Eu costumava dizer àqueles universitários e àqueles operários que vinham ter comigo por volta de 1930 que tinham que saber materializar a vida espiritual. Queria afastá-los assim da tentação, tão frequente então como agora, de viver uma vida dupla: a vida interior, a vida de relação com Deus, por um lado; e por outro, diferente e separada, a vida familiar, profissional e social, cheia de pequenas realidades terrenas.

Não, meus filhos! Não pode haver uma vida dupla; se queremos ser cristãos, não podemos ser esquizofrénicos. Há uma única vida, feita de carne e espírito, e essa é que tem de ser - na alma e no corpo - santa e cheia de Deus, deste Deus invisível que encontramos nas coisas mais visíveis e materiais.

Não há outro caminho, meus filhos: ou sabemos encontrar Nosso Senhor na nossa vida corrente ou nunca O encontraremos Por isso posso dizer-vos que a nossa época precisa de restituir à matéria e às situações que parecem mais vulgares o seu sentido nobre e original, colocá-las ao serviço do Reino de Deus, espiritualizá-las, fazendo delas o meio e a ocasião do nosso encontro permanente com Jesus Cristo.

Esta doutrina da Sagrada Escritura, que se encontra, como sabeis, no próprio cerne do espírito do Opus Dei, há-de levar-vos a realizar o vosso trabalho com perfeição, a amar a Deus e os homens fazendo com amor as pequenas coisas da vossa jornada habitual, descobrindo esse quê divino que está encerrado nos pormenores. Que bem se enquadram aqui aqueles versos do poeta de Castela: Devagar, e boa letra;/que fazer as coisas bem/ importa mais que fazê-las [A. MACHADO, Poesias Completas. CLXI - Proverbios y cantares XXIV, Espasa-Calpe, Madrid, 1940].
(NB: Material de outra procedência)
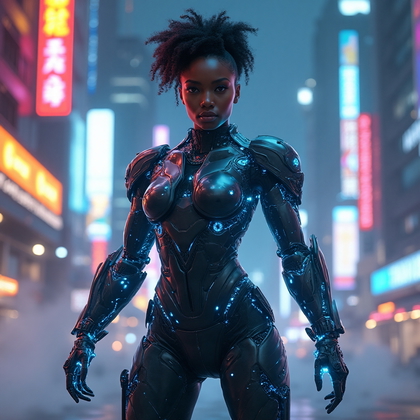 AI-generated photo: High-Impact Hero photo of a character dressed as a futuristic cybernetic soldier. The attire consist...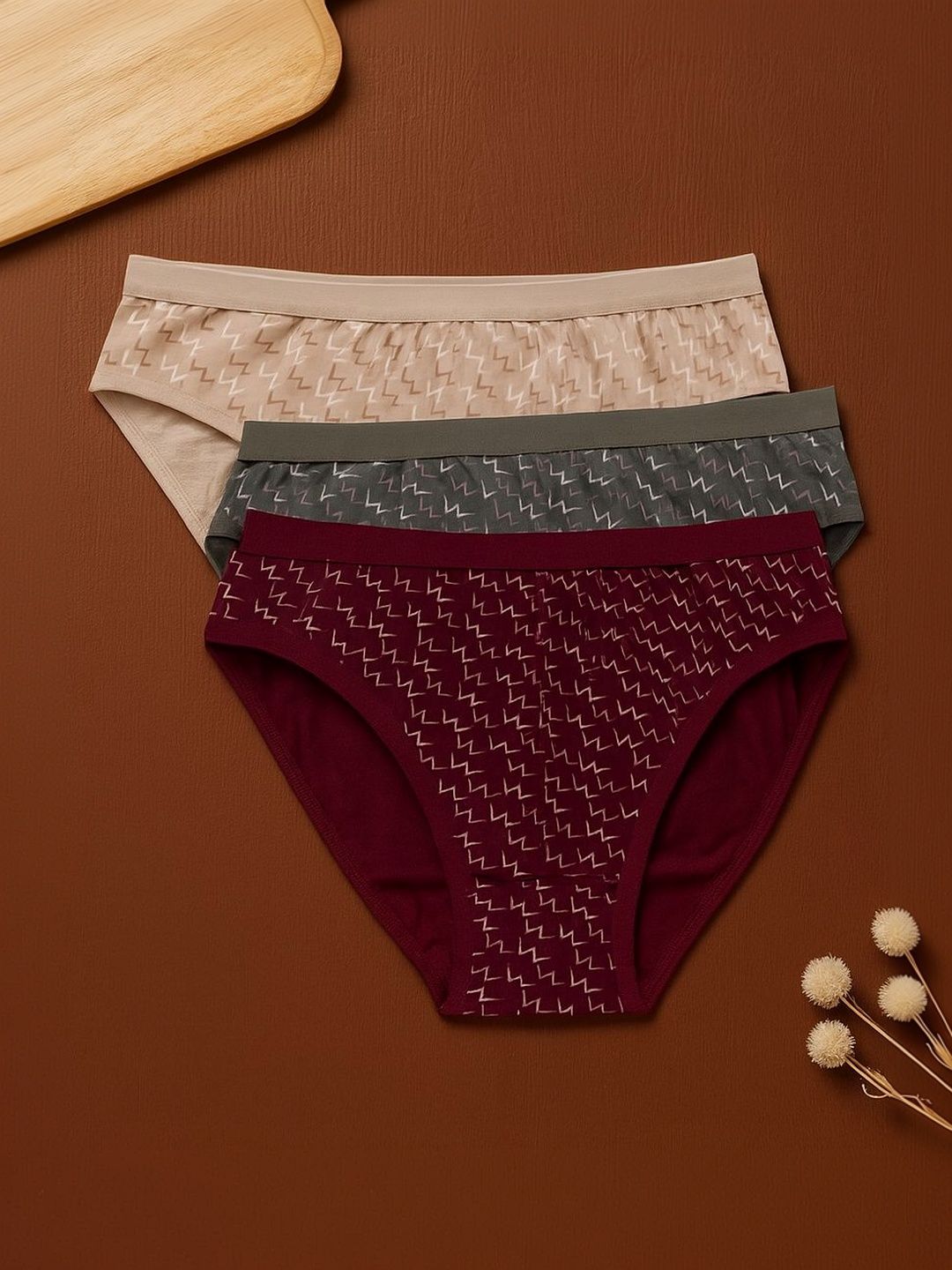 FiveFlag Pack Of 3 Printed Combed Cotton Mid-Rise Hipster Briefs-image-24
Asseguro-vos, meus filhos, que, quando um cristão realiza com amor a mais intranscendente das acções diárias, ela transborda da transcendência de Deus. Por isso vos tenho repetido, com insistente martelar, que a vocação cristã consiste em fazer poesia heróica da prosa de cada dia. Na linha do horizonte, meus filhos, parecem unir-se o céu e a terra. Mas não; onde se juntam deveras é nos vossos corações, quando viveis santamente a vida de cada dia…
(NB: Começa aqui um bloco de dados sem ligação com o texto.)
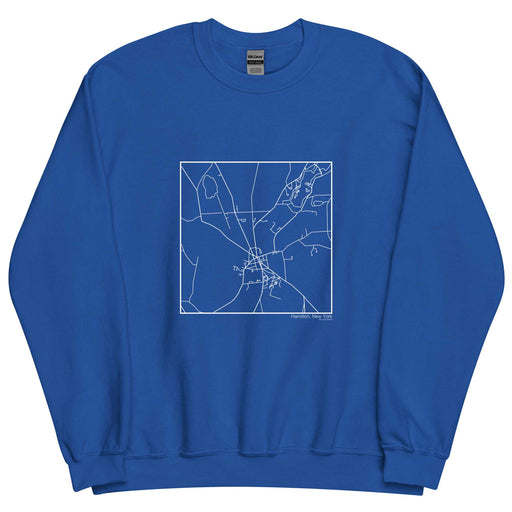 Hamilton New York  Map Unisex Crewneck Sweater with City inscription in Royal Blue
Viver santamente a vida de cada dia, acabo de dizer-vos. E com estas palavras refiro-me a todo o programa da vossa vida cristã. Deixai-vos, pois, de sonhos, de falsos idealismos, de fantasias, daquilo a que costumo chamar mística do oxalá - oxalá não me tivesse casado; oxalá não tivesse esta profissão; oxalá tivesse mais saúde; oxalá fosse mais novo; oxalá fosse velho!… - e cingi-vos, pelo contrário, sobriamente, à realidade mais material e imediata, que é onde Nosso Senhor está: vede as minhas mãos e os meus pés, disse Jesus ressuscitado; sou Eu mesmo. Tocai-Me e vede que um espírito não tem carne e ossos como vedes que Eu tenho [Lc 24, 39].

São muitos os aspectos do ambiente secular em que vos moveis, que se iluminam a partir destas verdades. Pensai, por exemplo, na vossa actuação de cidadãos na vida civil. Um homem sabedor de que o mundo - e não só o templo - é o lugar do seu encontro com Cristo, ama esse mundo, procura adquirir uma boa preparação intelectual e profissional, vai formando - com plena liberdade - os seus próprios critérios sobre os problemas do meio em que vive; e toma, como consequência, as suas próprias decisões que, por serem decisões de um cristão, procedem também de uma reflexão pessoal que tenta humildemente captar a vontade de Deus nesses aspectos, pequenos e grandes, da vida.